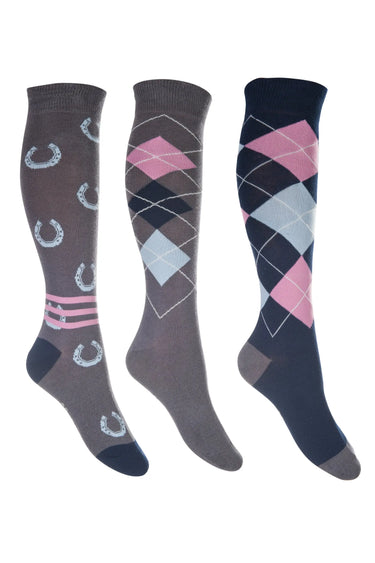 HKM Riding Socks Cardiff Set of 3| Online For Equine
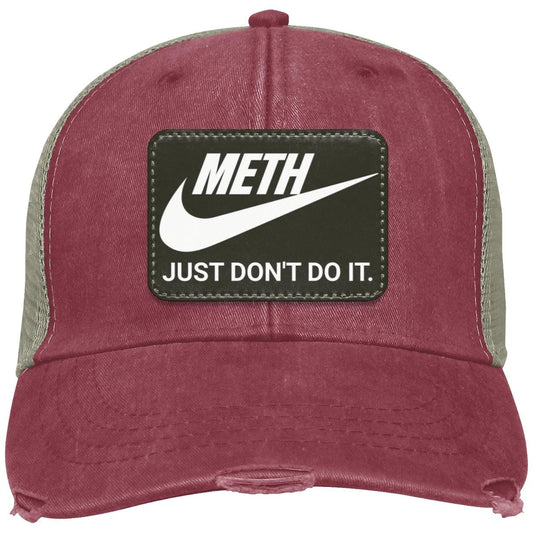 Recovery Distressed Ollie Cap | Inspiring Sobriety | Meth Just Don't Do It
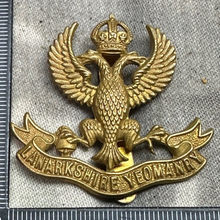 Load image into Gallery viewer, Original WW2 British Army Cap Badge - Lanarkshire Yeomanry
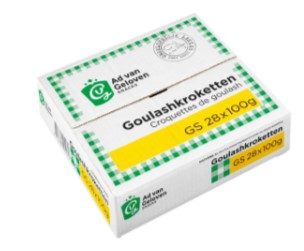 Ad van Geloven Goulashkroketten 28x100gr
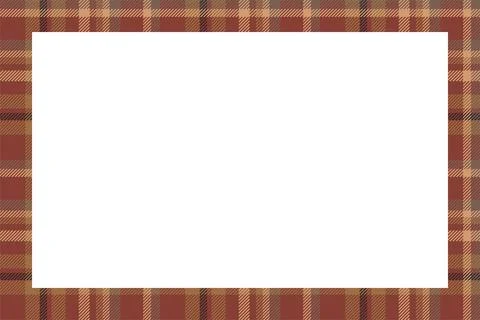 Vintage frame vector. Scottish border pattern retro style. Tartan plaid ornam 스톡 일러스트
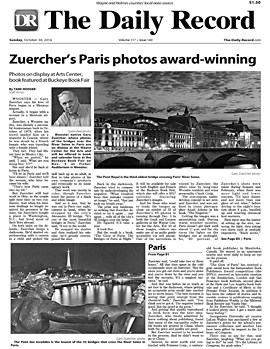 Article in the Wooster Daily - Zuercher's Paris photos are award-winning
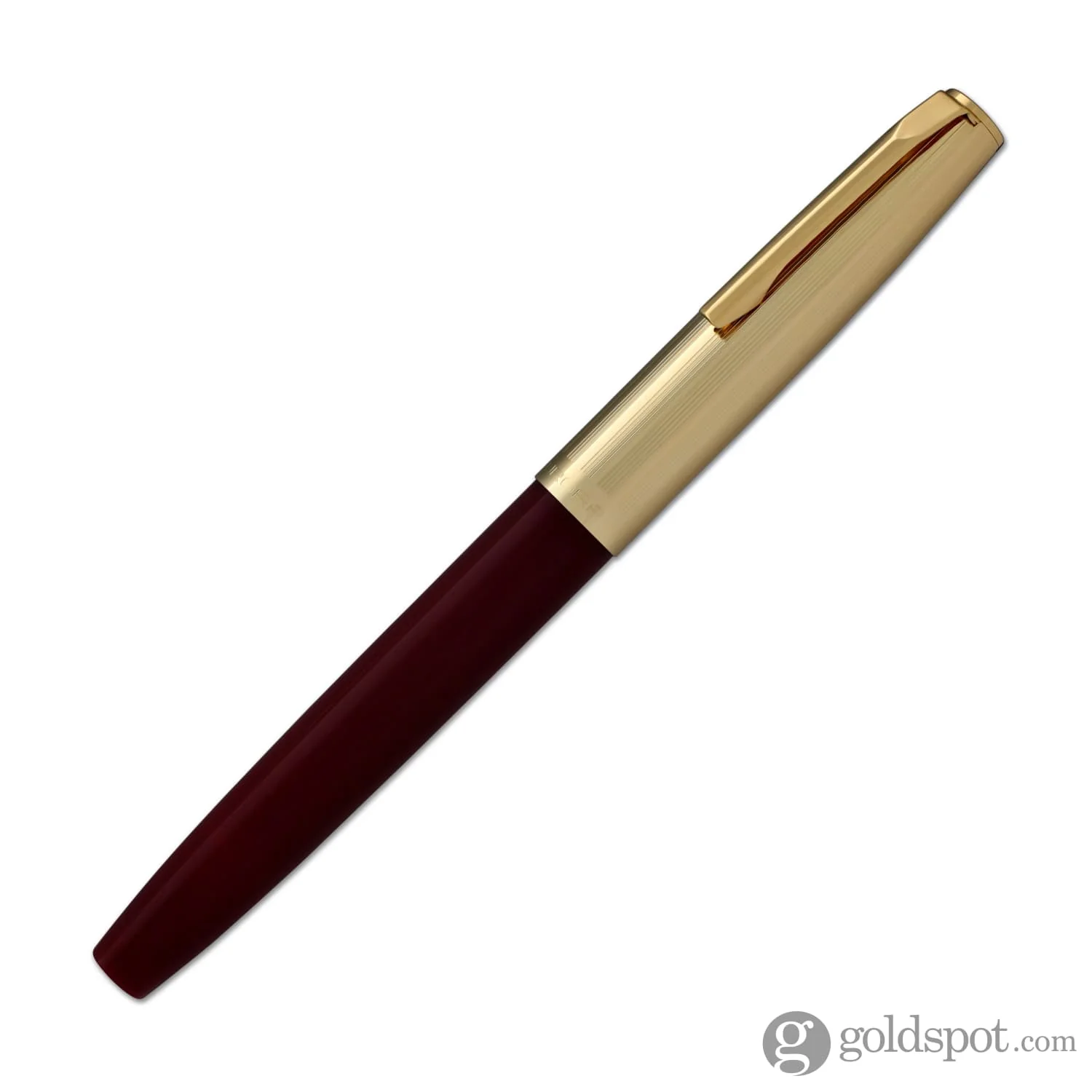 Aurora Duo Cart Fountain Pen in Bordeaux Resin with Gold Plated Cap - Medium Point - Image 5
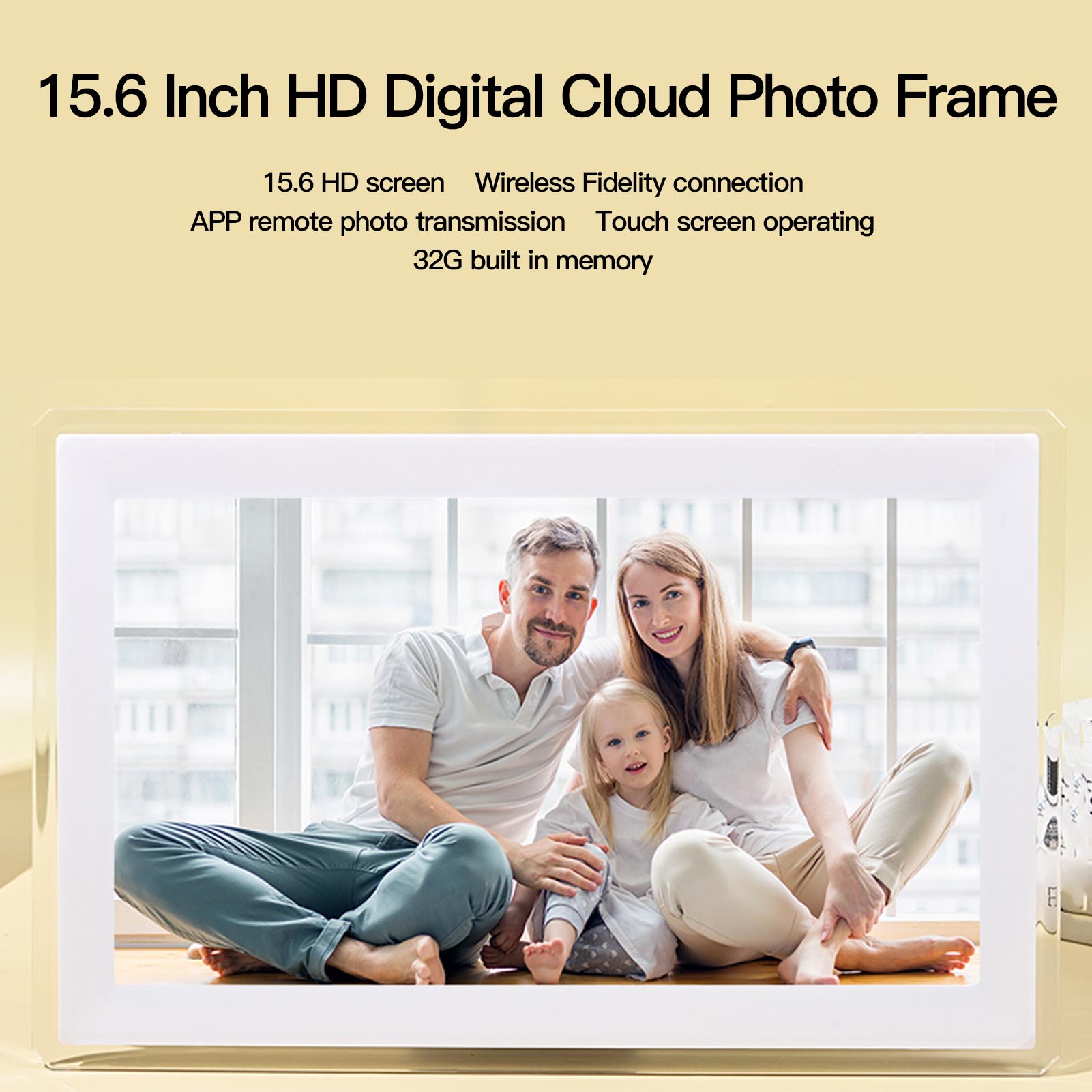 15.6in Digital Picture Frame Wireless 1G DDR3 RAM 32GB ROM LCD HD Touchscreen Gr - Picture 13 of 18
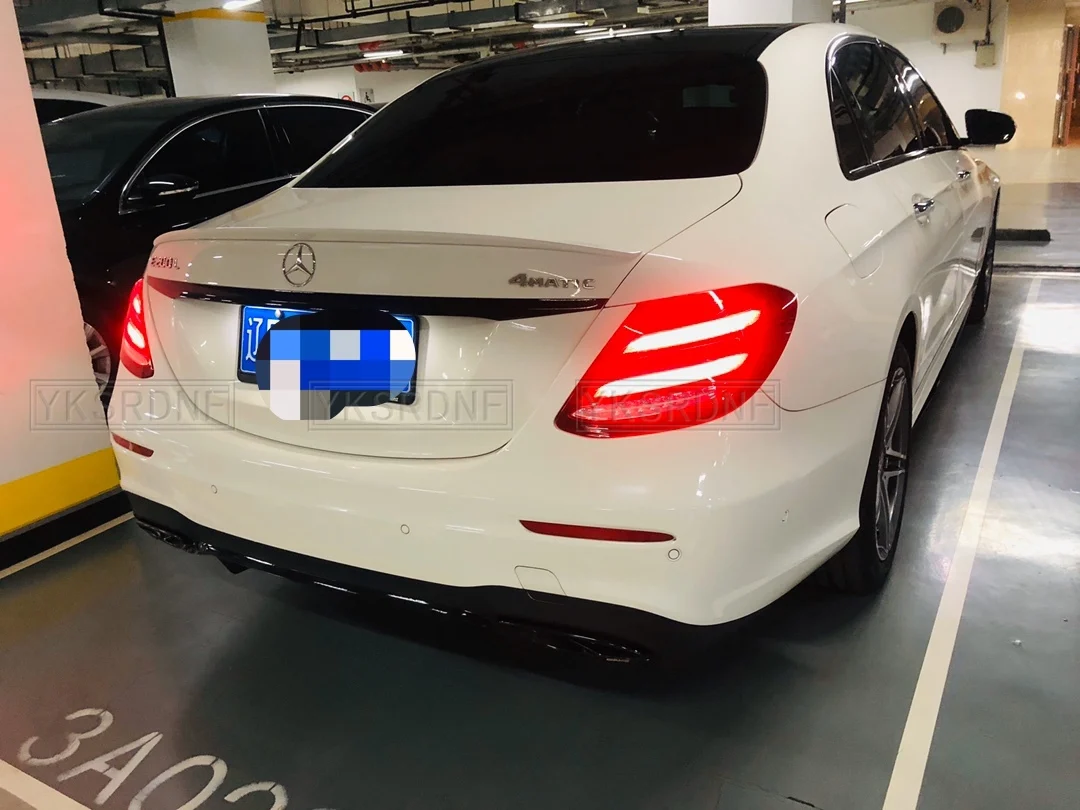 For Mercedes Benz W213 AMG 2015-2018 ABS Spoiler Car Tail Wing Decoration Rear Trunk Spoiler For Mercedes W213 E Class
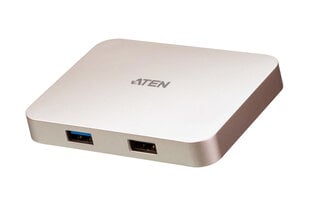 Aten USB-C 4K Ultra Mini Dock with Power цена и информация | Адаптеры и USB разветвители | 220.lv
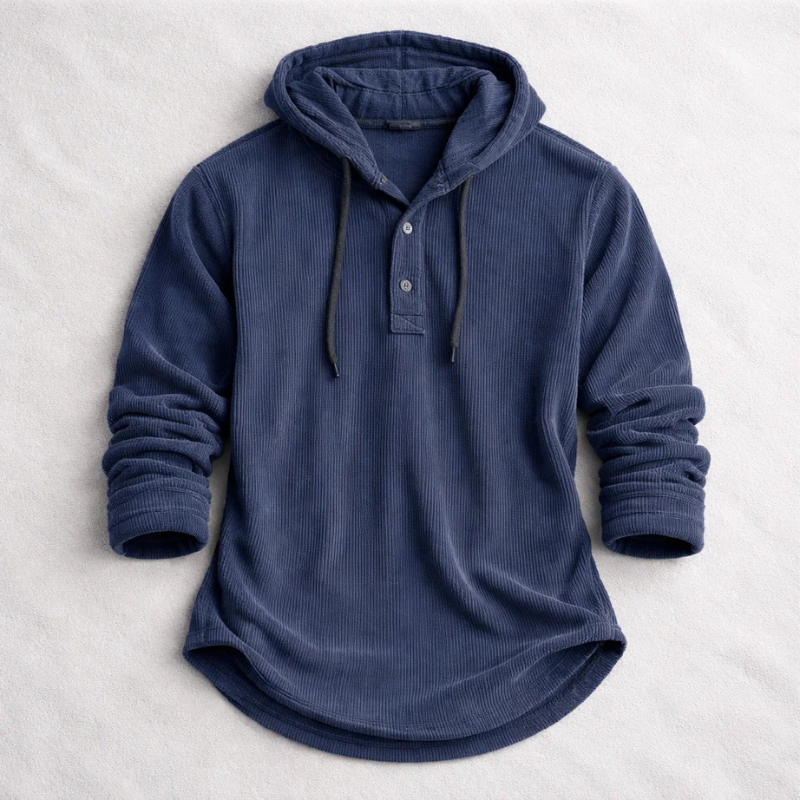 Sweat à capuche en velours côtelé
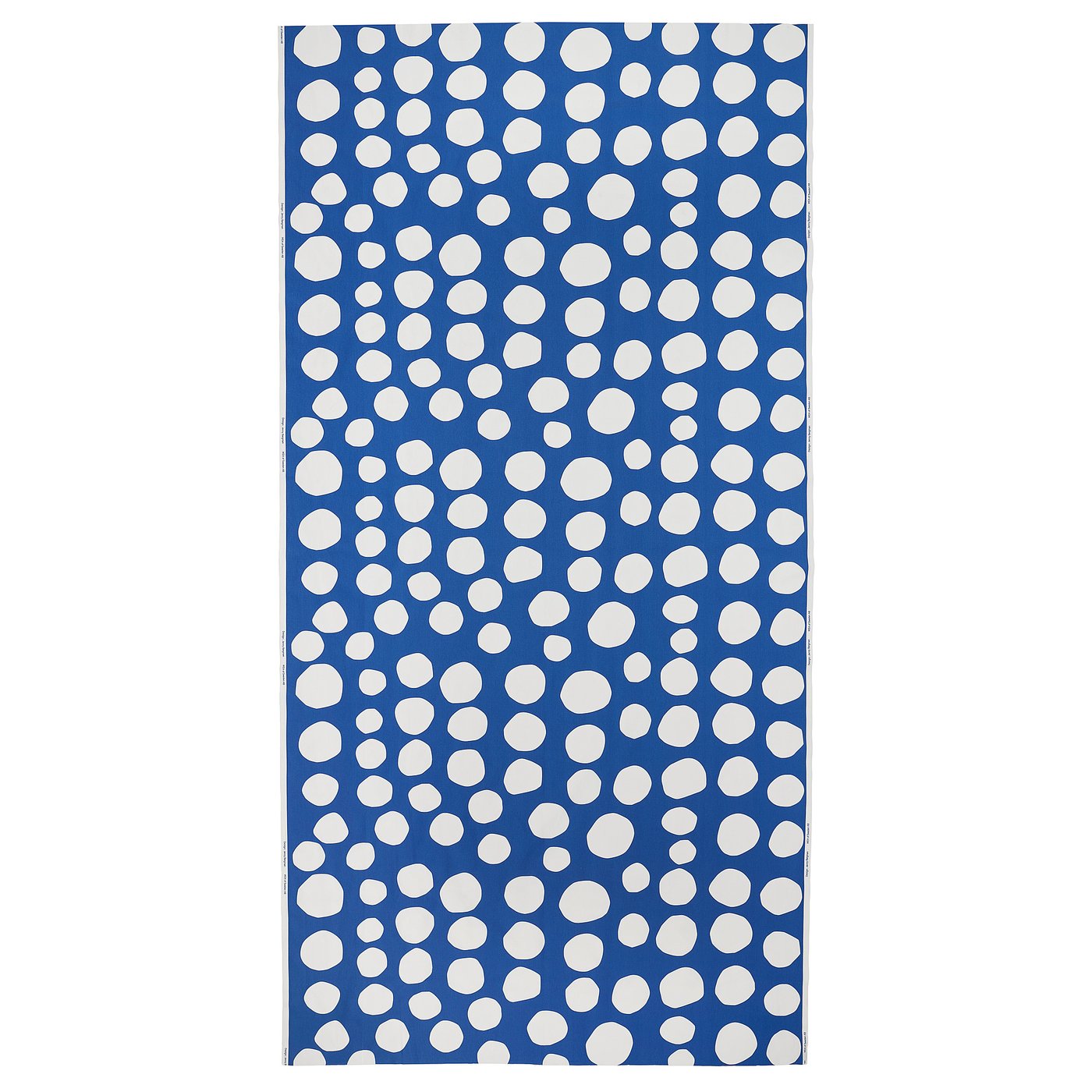 RAKLOSTA pre-cut fabric, blue/white, 59x118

Exercise directions: Transcribe every line from the records above without alteration, and leave out the images.

Your solution:
 HKM Riding Socks Cardiff Set of 3| Online For Equine
 Recovery Distressed Ollie Cap | Inspiring Sobriety | Meth Just Don't Do It
 Load image into Gallery viewer, Original WW2 British Army Cap Badge - Lanarkshire Yeomanry
 Ad van Geloven Goulashkroketten 28x100gr
 Vintage frame vector. Scottish border pattern retro style. Tartan plaid ornam 스톡 일러스트
 Article in the Wooster Daily - Zuercher's Paris photos are award-winning
 Aurora Duo Cart Fountain Pen in Bordeaux Resin with Gold Plated Cap - Medium Point - Image 5
 15.6in Digital Picture Frame Wireless 1G DDR3 RAM 32GB ROM LCD HD Touchscreen Gr - Picture 13 of 18
 For Mercedes Benz W213 AMG 2015-2018 ABS Spoiler Car Tail Wing Decoration Rear Trunk Spoiler For Mercedes W213 E Class
 Aten USB-C 4K Ultra Mini Dock with Power цена и информация | Адаптеры и USB разветвители | 220.lv
 Sweat à capuche en velours côtelé
 RAKLOSTA pre-cut fabric, blue/white, 59x118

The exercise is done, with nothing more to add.